The Soupster thinks he has enlightened an unconscious friend
Originally published November 22, 2000
“I’m giving thanks for my brand new sportscar,” said the Soupster’s old friend Jake over the phone. “I bought it with the bundle I made investing in cell phones. It looks cool and gets me where I’m going in comfort. And it’s a babe-magnet!” he finished unrepentantly.
Sighed the Soupster, “You’re the same chauvinistic, materialistic scoundrel I knew decades ago. You know nothing about giving thanks.”

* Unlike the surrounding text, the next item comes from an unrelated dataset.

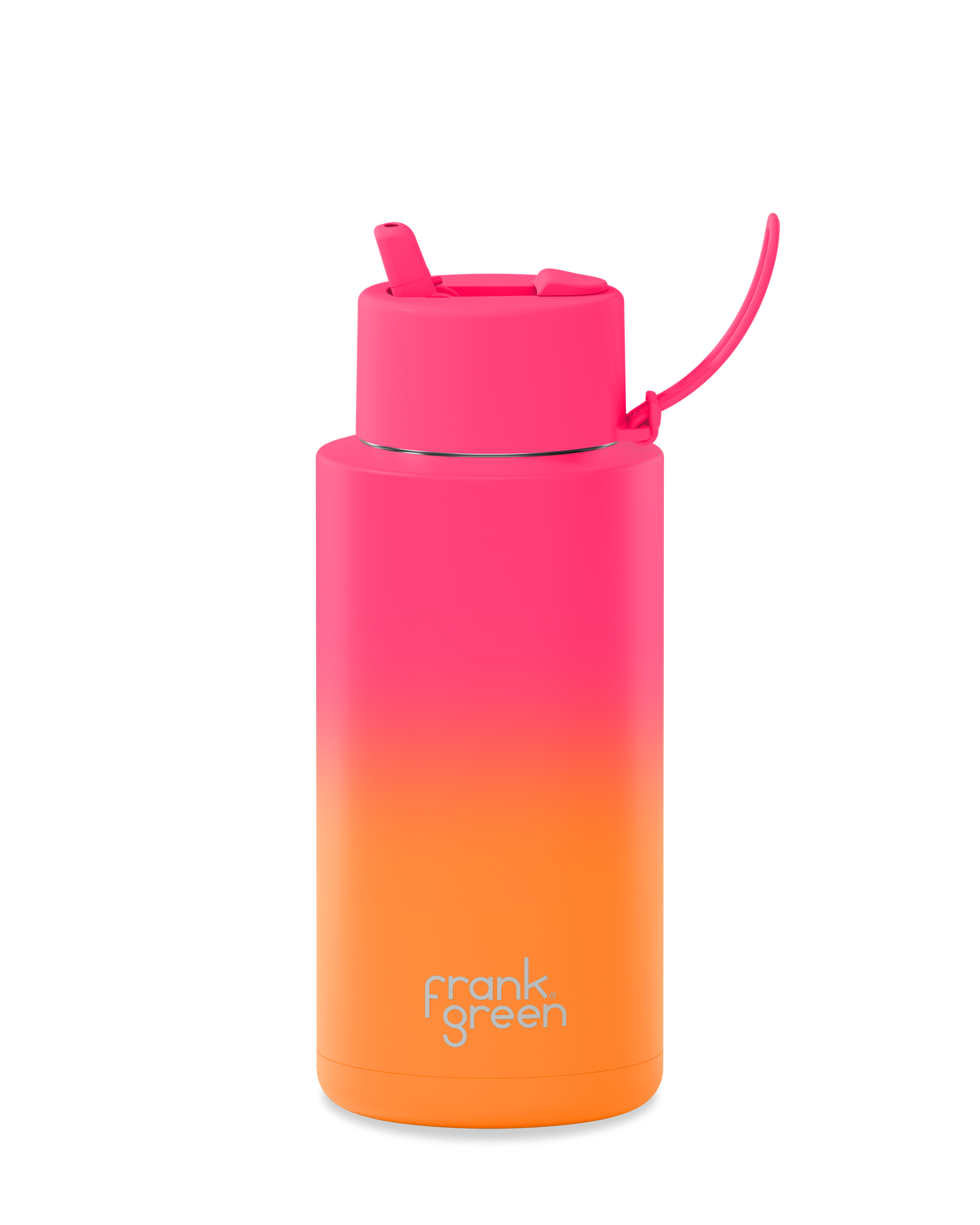 Gradient Ceramic Reusable Bottle 34oz / 1,000ml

“I know a lot about cell phones,” said Jake.
“Thanks shouldn’t be for cell phones and fancy cars, it should be for the warm basics of life. Home and family and friends and good food. Here you are entering geezerhood and you haven’t grasped that simple fact.”
“Did I say I hit 120 miles per hour in the desert one day?”
The Soupster took a deep breath and re-phrased the exasperated question in his head before saying it aloud. “Where do you live?” he finally got out.
“In an apartment complex with a pool and a sauna and an exercise room and…” Jake began.
“Wait,” said the Soupster. “Forget all the extras. Just concentrate on your apartment. Your place. Now, concentrate on the bed and you sleeping snugly while a howling gale roars outside.”
“I love that feeling,” Jake admitted.
“The sports car doesn’t give you that kind of feeling, right?”
“A different kind of feeling,” Jake agreed.
“The pool and the exercise room and all that stuff are like one of those blue novelty lights,” said the Soupster. “They don’t really give off warmth.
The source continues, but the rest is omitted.